The output is the answer the user sees. It streams to the chat as it is generated.

Network mode — peer Critic

When a peer with stronger hardware is available on the network, the Critic step can run on that peer instead of locally.

The mechanics:

  1. The Node identifies a candidate peer via the broker — a Node on a stronger tier than its own, currently online.
  2. The Node encrypts the Critic payload (manifest, excerpt, Expert draft) using the peer's public key.
  3. The encrypted payload is routed through the broker.
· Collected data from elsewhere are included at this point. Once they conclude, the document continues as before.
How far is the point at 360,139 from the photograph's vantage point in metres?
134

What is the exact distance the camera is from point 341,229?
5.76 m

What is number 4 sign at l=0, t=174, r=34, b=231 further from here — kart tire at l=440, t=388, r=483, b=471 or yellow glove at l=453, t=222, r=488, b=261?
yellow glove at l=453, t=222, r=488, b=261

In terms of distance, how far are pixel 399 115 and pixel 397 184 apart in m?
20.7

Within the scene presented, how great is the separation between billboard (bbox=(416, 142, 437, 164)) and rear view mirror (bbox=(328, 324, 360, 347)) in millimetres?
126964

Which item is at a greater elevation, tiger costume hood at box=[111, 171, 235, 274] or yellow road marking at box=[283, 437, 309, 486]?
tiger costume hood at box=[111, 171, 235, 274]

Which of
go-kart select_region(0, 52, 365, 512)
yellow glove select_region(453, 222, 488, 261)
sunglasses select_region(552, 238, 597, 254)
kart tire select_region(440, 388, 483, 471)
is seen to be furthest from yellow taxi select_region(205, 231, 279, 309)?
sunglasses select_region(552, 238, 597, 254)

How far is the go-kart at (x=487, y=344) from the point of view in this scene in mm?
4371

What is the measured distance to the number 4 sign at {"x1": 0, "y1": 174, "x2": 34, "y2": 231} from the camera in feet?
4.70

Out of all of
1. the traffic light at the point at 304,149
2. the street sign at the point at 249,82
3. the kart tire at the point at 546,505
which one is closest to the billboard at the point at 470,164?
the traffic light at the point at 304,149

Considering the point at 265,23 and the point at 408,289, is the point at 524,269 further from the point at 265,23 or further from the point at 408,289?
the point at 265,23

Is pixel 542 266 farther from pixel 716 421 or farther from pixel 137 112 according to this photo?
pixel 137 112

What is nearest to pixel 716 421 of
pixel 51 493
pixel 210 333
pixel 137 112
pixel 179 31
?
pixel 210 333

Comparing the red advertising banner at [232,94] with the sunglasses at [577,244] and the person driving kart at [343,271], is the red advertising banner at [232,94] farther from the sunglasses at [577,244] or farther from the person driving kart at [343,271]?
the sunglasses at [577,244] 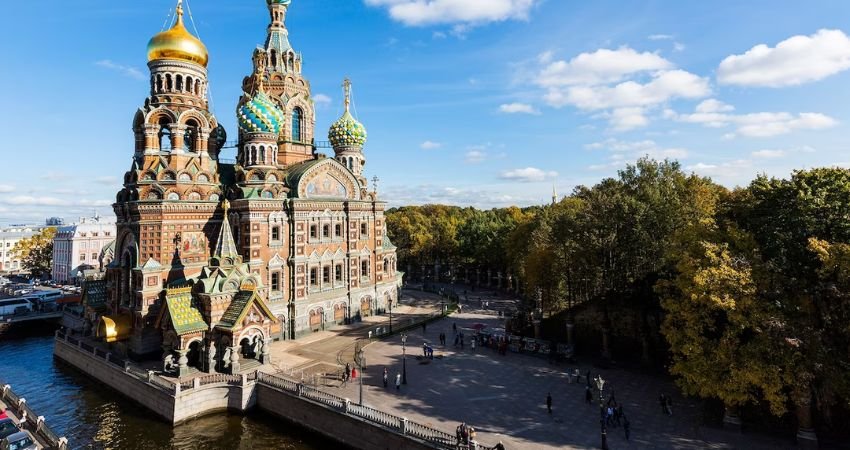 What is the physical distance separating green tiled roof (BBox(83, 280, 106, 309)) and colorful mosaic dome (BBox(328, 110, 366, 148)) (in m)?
21.9

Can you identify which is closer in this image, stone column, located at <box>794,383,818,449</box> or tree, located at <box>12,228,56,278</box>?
stone column, located at <box>794,383,818,449</box>

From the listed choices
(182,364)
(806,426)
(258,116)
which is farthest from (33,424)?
(806,426)

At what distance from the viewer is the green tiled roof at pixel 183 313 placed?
1017 inches

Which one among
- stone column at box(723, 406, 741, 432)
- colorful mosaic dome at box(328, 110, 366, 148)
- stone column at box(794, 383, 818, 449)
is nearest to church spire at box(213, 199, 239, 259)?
colorful mosaic dome at box(328, 110, 366, 148)

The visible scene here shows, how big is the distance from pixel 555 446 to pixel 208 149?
3034 centimetres

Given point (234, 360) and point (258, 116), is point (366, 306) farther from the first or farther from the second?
point (258, 116)

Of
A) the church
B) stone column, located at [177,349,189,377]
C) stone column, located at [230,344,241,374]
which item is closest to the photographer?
stone column, located at [177,349,189,377]

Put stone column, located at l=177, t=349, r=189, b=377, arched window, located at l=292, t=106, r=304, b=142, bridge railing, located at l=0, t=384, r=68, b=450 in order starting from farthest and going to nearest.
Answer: arched window, located at l=292, t=106, r=304, b=142 < stone column, located at l=177, t=349, r=189, b=377 < bridge railing, located at l=0, t=384, r=68, b=450

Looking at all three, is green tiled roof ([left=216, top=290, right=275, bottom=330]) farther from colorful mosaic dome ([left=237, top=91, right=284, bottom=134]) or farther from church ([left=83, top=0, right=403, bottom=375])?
colorful mosaic dome ([left=237, top=91, right=284, bottom=134])

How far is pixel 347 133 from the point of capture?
4309 cm

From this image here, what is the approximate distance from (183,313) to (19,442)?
31.3 feet

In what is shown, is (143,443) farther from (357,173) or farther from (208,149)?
(357,173)

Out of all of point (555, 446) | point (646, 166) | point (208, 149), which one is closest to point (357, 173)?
point (208, 149)

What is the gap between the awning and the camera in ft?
92.6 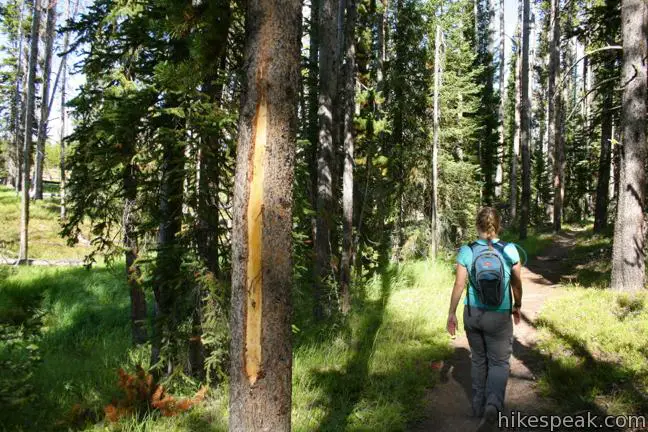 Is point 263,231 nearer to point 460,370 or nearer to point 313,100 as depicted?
point 460,370

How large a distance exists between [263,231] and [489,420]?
3.09m

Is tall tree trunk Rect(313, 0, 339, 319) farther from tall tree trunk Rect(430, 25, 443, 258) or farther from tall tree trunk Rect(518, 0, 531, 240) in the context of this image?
tall tree trunk Rect(518, 0, 531, 240)

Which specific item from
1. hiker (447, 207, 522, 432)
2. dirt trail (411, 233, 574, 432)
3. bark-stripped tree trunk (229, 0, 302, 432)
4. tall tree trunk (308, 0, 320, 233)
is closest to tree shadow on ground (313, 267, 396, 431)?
dirt trail (411, 233, 574, 432)

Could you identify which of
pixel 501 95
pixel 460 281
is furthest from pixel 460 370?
pixel 501 95

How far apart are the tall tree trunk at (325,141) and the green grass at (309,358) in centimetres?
90

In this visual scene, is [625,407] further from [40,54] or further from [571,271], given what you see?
[40,54]

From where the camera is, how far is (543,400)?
5.04 meters

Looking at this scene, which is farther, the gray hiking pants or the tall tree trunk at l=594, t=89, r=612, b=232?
the tall tree trunk at l=594, t=89, r=612, b=232

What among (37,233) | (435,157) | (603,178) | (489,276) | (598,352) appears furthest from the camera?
(37,233)

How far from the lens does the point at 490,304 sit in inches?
163

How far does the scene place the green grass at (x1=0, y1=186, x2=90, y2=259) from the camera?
19922 millimetres

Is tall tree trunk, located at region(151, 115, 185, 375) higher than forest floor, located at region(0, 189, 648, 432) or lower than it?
higher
The broker handles delivery but cannot read the content — it has no key.
  4. The peer decrypts, runs the Critic step on its more capable model, encrypts the response with the requester's public key, and sends it back.
  5. The Node decrypts the Critic review and continues to the Synthesizer step locally.

The local Node always retains the Expert and Synthesizer roles. Only the Critic is borrowed. The user's query and the Expert's draft are visible to exactly two parties: the user's Node and the chosen peer. The broker sees ciphertext.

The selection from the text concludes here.